On March 31, 2018, state-run NTPC paid Rs 4,700 crore as advance freight for coal to be transported to its power plants in FY19. The railways also got another Rs 2,580 crore from rail PSUs Ircon just before the end of last financial year; the amounts are to be adjusted against the dues to the railways once these PSUs raise funds through their planned land sales/leasing out.
The railways’ revenues are heavily dependent on freight – around 70% of the gross traffic receipts (Rs 1.65 lakh crore in FY18), its mainstay, comes from transportation of goods as passenger segment continues to be heavily subsidised. And large consumers like power and cement companies contribute the bulk of the freight: coal alone accounts for 50% of the loading.
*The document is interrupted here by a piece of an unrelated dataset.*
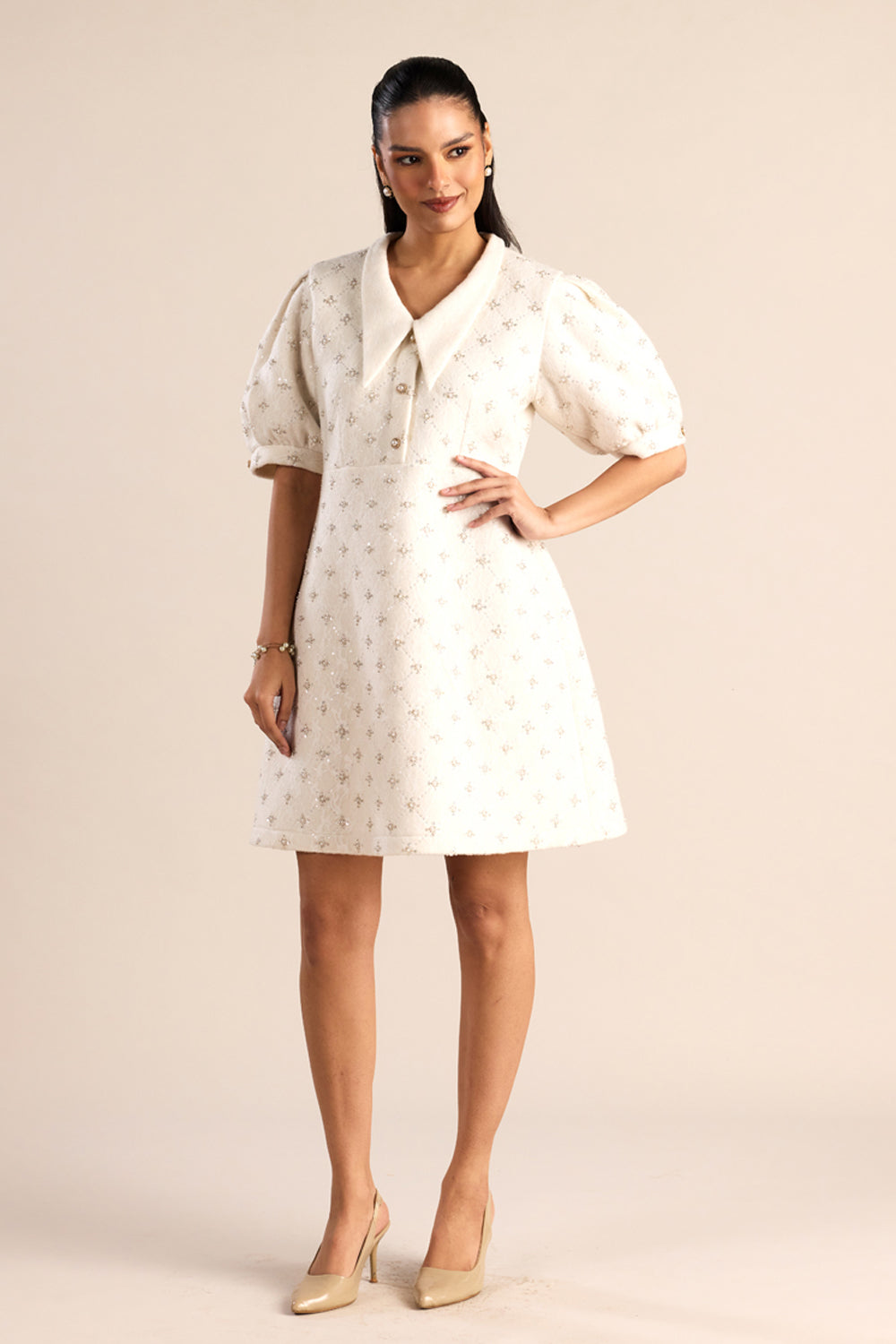 Pearl Duchess Dress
According to Jamshed, there are many customers who may come forward for long-term commitments by paying advance freight. He added that the the policy will have different parametres such as floor for minimum loading, say 5 million tonne a year, as eligibility criteria for customers to avail the scheme.
In FY18, the Indian Railways achieved highest-ever freight loading of 1,162 mt registering a annual increase of 4.8%. Freight revenue for FY18 was Rs 1.17 lakh crore—up 7.3%. Revenue from the passenger segment—which is cross-subsidised to the tune of Rs 30,000 crore — was Rs 48,000 crore for FY18, an annual increase of 4.3%.
Under the advance freight policy, it be will assures to customers that their demands will be fulfiled by the railways and conditions will be relaxed. For instance in the case of NTPC, earlier say it had a demand of 100 rakes of coal supply in a month and supply was only 80 rakes by Coal India, the remaining 20 rakes used to lapse. Under the new terms, the remaining 20 rakes will be carried over to the next month. Jamshed expressed the hope that the deal would help the railways in terms of ordering rolling stocks. If customers pay advance, it will have a fairly good idea of the requirement of rakes over the next one year. “This will facilitate rake induction planning,” he added.